==== Provided entries ====

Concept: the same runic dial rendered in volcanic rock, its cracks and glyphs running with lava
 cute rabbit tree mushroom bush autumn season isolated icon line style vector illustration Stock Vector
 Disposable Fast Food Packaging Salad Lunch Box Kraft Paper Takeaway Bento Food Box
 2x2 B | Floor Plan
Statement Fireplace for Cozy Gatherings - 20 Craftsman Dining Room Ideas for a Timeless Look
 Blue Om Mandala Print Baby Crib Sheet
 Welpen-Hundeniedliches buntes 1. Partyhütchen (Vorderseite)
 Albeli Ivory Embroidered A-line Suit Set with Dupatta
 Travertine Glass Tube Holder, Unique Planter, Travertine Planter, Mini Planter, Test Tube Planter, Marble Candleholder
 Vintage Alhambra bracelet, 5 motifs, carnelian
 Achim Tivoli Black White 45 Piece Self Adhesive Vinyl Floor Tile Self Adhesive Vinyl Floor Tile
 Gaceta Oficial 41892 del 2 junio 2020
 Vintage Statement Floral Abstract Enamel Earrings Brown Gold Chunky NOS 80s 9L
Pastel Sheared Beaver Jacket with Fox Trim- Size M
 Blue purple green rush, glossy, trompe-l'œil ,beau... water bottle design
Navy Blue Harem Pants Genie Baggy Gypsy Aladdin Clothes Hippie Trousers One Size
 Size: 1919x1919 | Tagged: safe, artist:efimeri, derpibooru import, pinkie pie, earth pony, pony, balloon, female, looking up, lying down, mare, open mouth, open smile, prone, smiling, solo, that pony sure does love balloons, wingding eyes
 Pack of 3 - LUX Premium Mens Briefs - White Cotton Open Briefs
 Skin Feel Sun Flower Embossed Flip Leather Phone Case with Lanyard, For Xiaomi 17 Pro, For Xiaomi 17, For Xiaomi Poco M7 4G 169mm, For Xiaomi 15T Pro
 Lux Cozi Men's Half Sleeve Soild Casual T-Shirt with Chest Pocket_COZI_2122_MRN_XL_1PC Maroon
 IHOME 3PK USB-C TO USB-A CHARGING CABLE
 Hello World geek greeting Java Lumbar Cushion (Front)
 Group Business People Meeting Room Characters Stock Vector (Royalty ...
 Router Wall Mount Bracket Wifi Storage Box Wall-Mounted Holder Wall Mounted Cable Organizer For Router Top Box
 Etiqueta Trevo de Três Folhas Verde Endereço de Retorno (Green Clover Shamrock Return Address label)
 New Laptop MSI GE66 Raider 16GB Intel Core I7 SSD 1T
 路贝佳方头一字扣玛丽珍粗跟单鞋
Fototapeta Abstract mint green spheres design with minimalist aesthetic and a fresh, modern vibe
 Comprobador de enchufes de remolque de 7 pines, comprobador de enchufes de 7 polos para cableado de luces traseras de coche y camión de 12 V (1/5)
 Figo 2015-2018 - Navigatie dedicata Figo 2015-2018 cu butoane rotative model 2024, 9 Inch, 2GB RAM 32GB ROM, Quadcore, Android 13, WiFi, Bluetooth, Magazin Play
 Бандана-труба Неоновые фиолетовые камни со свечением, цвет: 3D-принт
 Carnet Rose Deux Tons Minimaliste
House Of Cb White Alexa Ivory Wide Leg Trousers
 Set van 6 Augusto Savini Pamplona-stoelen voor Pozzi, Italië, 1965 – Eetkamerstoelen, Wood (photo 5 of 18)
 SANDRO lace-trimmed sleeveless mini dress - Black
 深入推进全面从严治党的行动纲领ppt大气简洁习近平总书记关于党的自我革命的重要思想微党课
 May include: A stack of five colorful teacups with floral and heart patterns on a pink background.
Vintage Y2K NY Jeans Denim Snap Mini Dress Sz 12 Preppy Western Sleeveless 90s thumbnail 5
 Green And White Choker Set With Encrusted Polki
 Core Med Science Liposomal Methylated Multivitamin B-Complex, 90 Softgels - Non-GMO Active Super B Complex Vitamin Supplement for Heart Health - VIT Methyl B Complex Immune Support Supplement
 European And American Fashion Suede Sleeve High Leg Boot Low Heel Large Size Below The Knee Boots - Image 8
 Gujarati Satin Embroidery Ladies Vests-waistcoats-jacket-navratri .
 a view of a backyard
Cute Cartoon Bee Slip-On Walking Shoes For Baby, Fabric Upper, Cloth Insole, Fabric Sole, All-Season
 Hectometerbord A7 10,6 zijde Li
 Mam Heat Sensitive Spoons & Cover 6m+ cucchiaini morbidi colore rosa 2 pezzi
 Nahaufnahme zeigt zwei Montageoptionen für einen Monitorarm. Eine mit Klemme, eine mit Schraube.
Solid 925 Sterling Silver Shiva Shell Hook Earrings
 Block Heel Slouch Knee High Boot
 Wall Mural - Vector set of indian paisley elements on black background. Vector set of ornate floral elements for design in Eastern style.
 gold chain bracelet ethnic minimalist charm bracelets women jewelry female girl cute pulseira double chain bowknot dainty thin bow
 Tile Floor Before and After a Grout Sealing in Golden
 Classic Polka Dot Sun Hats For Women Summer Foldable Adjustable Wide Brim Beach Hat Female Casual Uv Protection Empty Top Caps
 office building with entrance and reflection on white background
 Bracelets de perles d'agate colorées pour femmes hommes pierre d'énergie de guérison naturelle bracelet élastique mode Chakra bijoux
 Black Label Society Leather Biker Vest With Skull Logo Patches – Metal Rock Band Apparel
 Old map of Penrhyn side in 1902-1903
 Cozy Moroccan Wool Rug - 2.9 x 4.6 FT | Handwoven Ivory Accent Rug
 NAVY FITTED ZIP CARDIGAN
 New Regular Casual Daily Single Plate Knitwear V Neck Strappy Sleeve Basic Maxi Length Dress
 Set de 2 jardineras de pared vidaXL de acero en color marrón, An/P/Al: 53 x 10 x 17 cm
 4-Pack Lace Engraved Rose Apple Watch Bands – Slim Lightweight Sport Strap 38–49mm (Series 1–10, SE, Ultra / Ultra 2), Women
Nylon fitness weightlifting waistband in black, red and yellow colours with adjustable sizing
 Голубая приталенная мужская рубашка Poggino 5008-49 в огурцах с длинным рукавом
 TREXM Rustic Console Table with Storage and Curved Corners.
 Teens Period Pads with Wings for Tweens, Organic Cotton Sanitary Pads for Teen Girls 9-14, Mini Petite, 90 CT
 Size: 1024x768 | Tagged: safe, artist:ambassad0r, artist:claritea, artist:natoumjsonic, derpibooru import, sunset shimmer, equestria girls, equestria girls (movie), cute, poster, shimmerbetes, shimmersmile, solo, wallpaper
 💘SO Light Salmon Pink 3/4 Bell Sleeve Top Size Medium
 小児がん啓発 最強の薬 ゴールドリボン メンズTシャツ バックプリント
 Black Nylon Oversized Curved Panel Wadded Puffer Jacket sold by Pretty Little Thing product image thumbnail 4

====

### What this task involves
Your answer should be one number: how many lines above contain "Nylon".

### Answer space
2